▸ Task statement
From the line containing "This is going" to the end of the records, print every line exactly, both ends included, and leave out the pictures.

▸ Given information
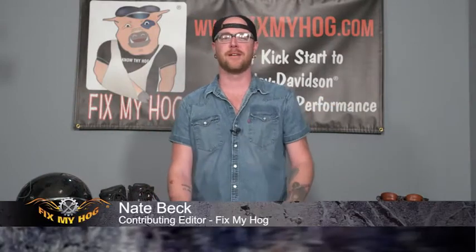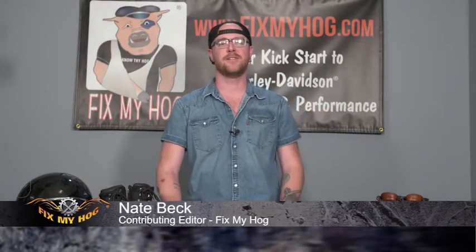How's it going everybody and welcome to FixMyHog. My name is Nate Beck and I'm here to bring you the latest information on apparel, gear, and parts for your Harley-Davidson.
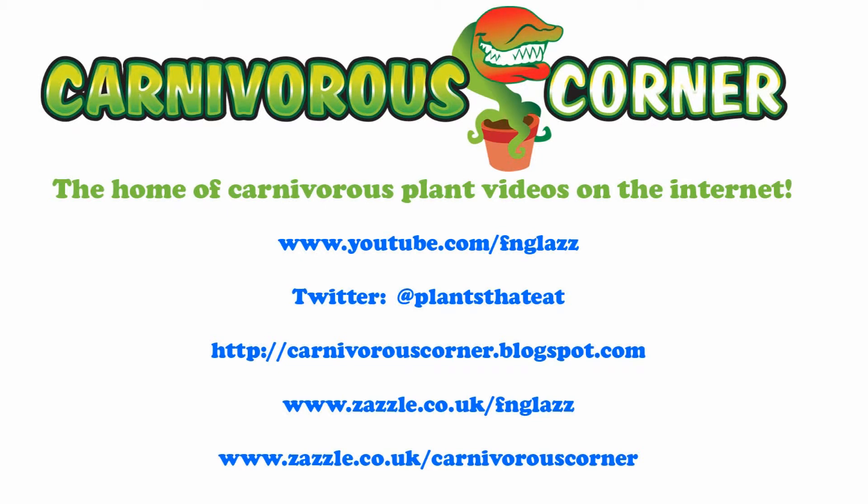Another question I get asked quite frequently — in fact the most common question — are carnivorous plants easy to look after? And for the most part the answer is yeah. People say 'oh but you would say that, you've had them for years.' But the thing is I am very lazy by nature. I take the easy route out. And if these plants required an awful lot of effort to keep them alive and required perfect settings, I wouldn't be bothering, frankly.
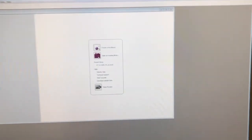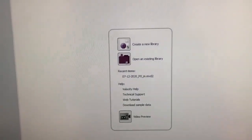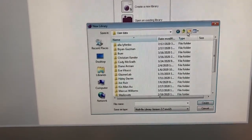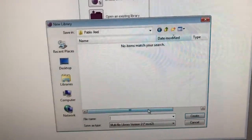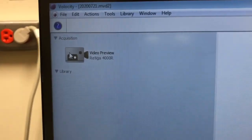Whenever Velocity starts, it asks whether you want to create a new library or open an existing one. The library is what Velocity calls the database where it puts your images. It's best to create a new one every day you come. I'll put it in Computer > Data > User Data, create a folder with my first and last name, and give the file a name based on today's date — in this case 2020-07-21. I'll maximize the Velocity window and click on 'Video Preview Ritiga' to get the controls in view.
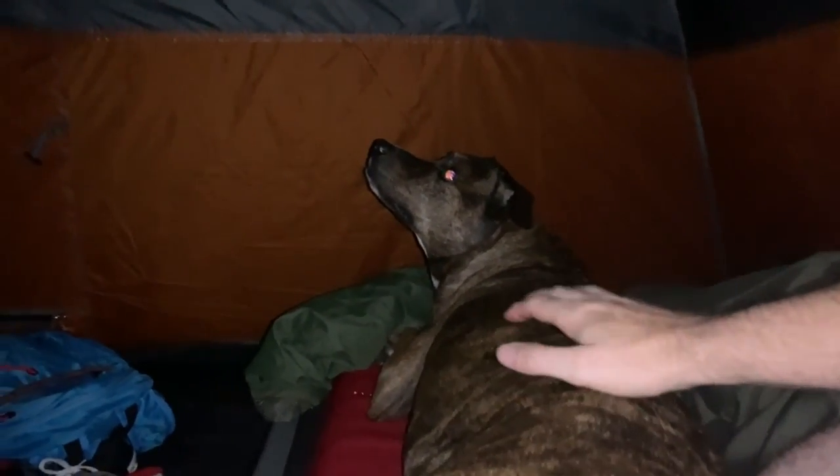Got a little bit of a thunderstorm going here. Dixie's not the biggest fan of thunderstorms, so we're kind of sharing the little cot right now. Hoping our bargain tent keeps us dry tonight — already felt a couple of drops. I'll either wake up in a hotel in the morning or in a wet tent.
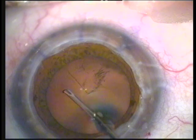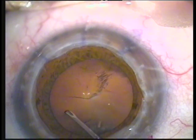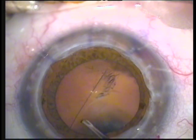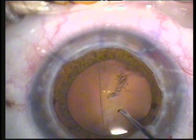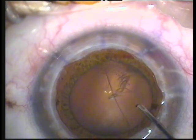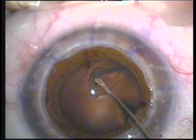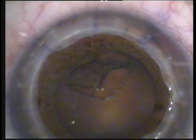It's quite a challenging technique as there's no pressure from the viscoelastic onto the anterior capsule. Special care is being taken here to manipulate the capsule and not have the continuous capsulorrhexis run to the periphery and compromise the support for the further cataract extraction. You can see things go well here — the capsulorrhexis is almost completed. It's a large capsulorrhexis of about 6.5 millimeters in diameter, and the continuous capsulorrhexis is performed perfectly.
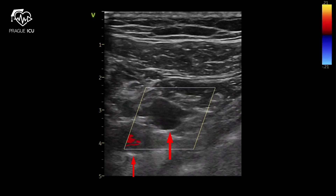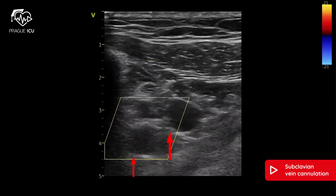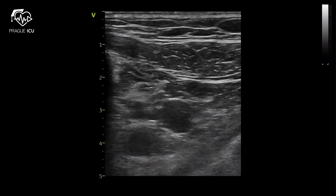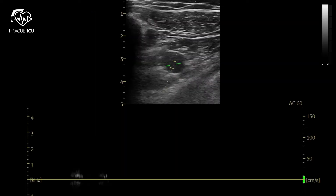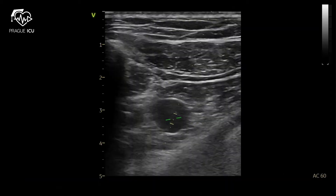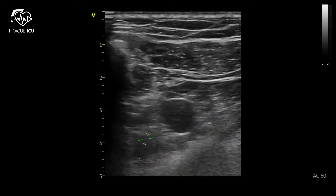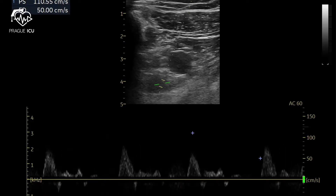The subclavian vein is oval-shaped and collapses easily. The subclavian artery is round-shaped and doesn't collapse under compression. Also use color Doppler — pulse Doppler in the subclavian vein shows low amplitude waveforms, while the subclavian artery has high peak pulsatile waveforms.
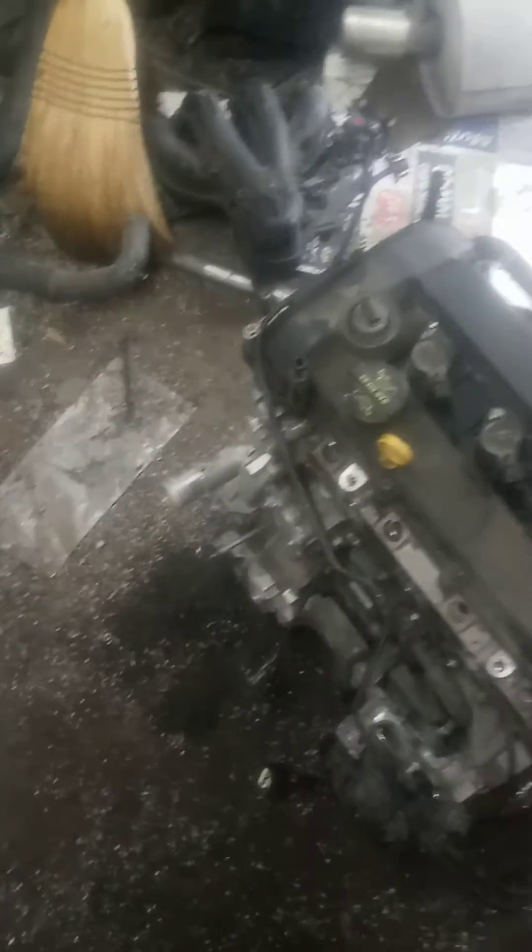Old engine out. It's an old engine — I think it's 2013 or 2015. 2013 Ford C-Max Red Hybrid. The engine has been removed.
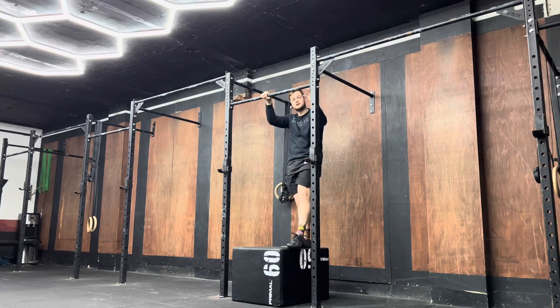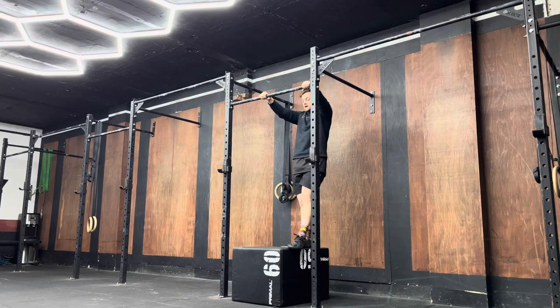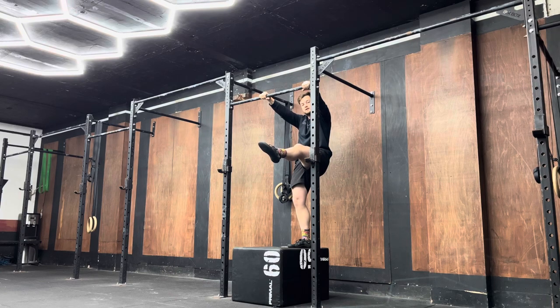This is going to teach you how to pop your hips. If you're practicing for pull-ups, have your foot at 45 degrees. If you are practicing for chest-to-bars, a little bit higher. And if you're practicing for muscle-ups, have it at 90 degrees.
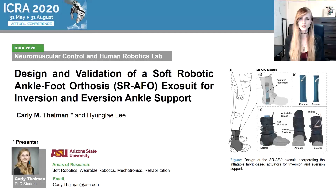Hello everyone and welcome to my presentation. My name is Carly Vauman. I am a third-year PhD student in Systems Engineering at Arizona State University and I represent the Neuromuscular Control and Human Robotics Lab under the mentorship and guidance of Dr. Hyun-Lai Lee. Today I'll be presenting my research paper: Design and Validation of a Soft Robotic Ankle Foot Orthosis SRAFO Exosuit for Inversion and Eversion Ankle Support.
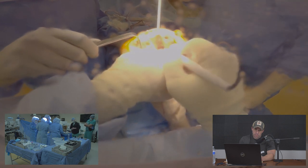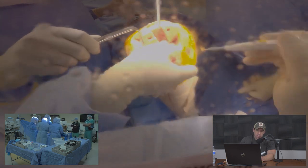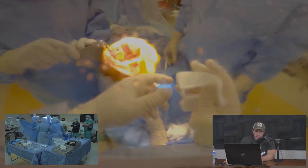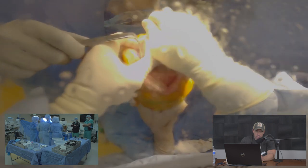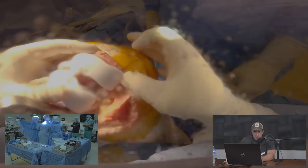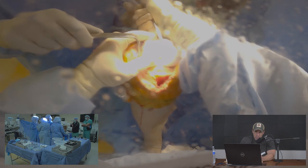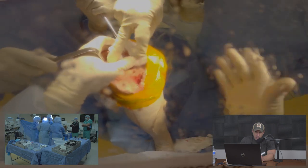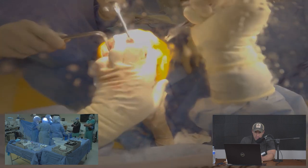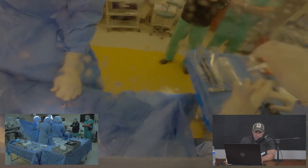We clean up soft tissue remnants and release tight posterior capsular tissue that could block full extension — this patient had a flexion contracture. This is a trial femoral implant, a disposable 3D printed piece, and it's fully customized. Using a bone hook to expose the back of the knee, I carefully check for bone spurs potentially overhanging the implant along the sides and posteriorly.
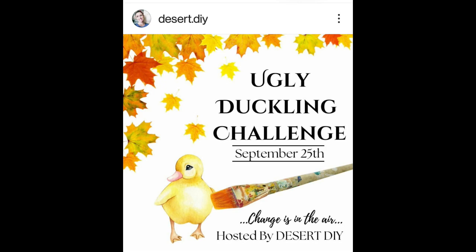Hey everyone, Tom and Felicia here with Good Hope DIY. We are competing at our very first Ugly Duckling Furniture Flip Challenge hosted by Corey over at Desert DIY. The challenge consists of a bunch of very talented YouTubers tasked with taking an ugly piece of furniture and completely transforming it into something beautiful. I have a link to Corey's channel and a link to the playlist down below in the description, so be sure to check out all the other great YouTubers' videos posting to this challenge.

▸ Solution below
This is going to teach you how to pop your hips. If you're practicing for pull-ups, have your foot at 45 degrees. If you are practicing for chest-to-bars, a little bit higher. And if you're practicing for muscle-ups, have it at 90 degrees.
Hello everyone and welcome to my presentation. My name is Carly Vauman. I am a third-year PhD student in Systems Engineering at Arizona State University and I represent the Neuromuscular Control and Human Robotics Lab under the mentorship and guidance of Dr. Hyun-Lai Lee. Today I'll be presenting my research paper: Design and Validation of a Soft Robotic Ankle Foot Orthosis SRAFO Exosuit for Inversion and Eversion Ankle Support.
We clean up soft tissue remnants and release tight posterior capsular tissue that could block full extension — this patient had a flexion contracture. This is a trial femoral implant, a disposable 3D printed piece, and it's fully customized. Using a bone hook to expose the back of the knee, I carefully check for bone spurs potentially overhanging the implant along the sides and posteriorly.
Hey everyone, Tom and Felicia here with Good Hope DIY. We are competing at our very first Ugly Duckling Furniture Flip Challenge hosted by Corey over at Desert DIY. The challenge consists of a bunch of very talented YouTubers tasked with taking an ugly piece of furniture and completely transforming it into something beautiful. I have a link to Corey's channel and a link to the playlist down below in the description, so be sure to check out all the other great YouTubers' videos posting to this challenge.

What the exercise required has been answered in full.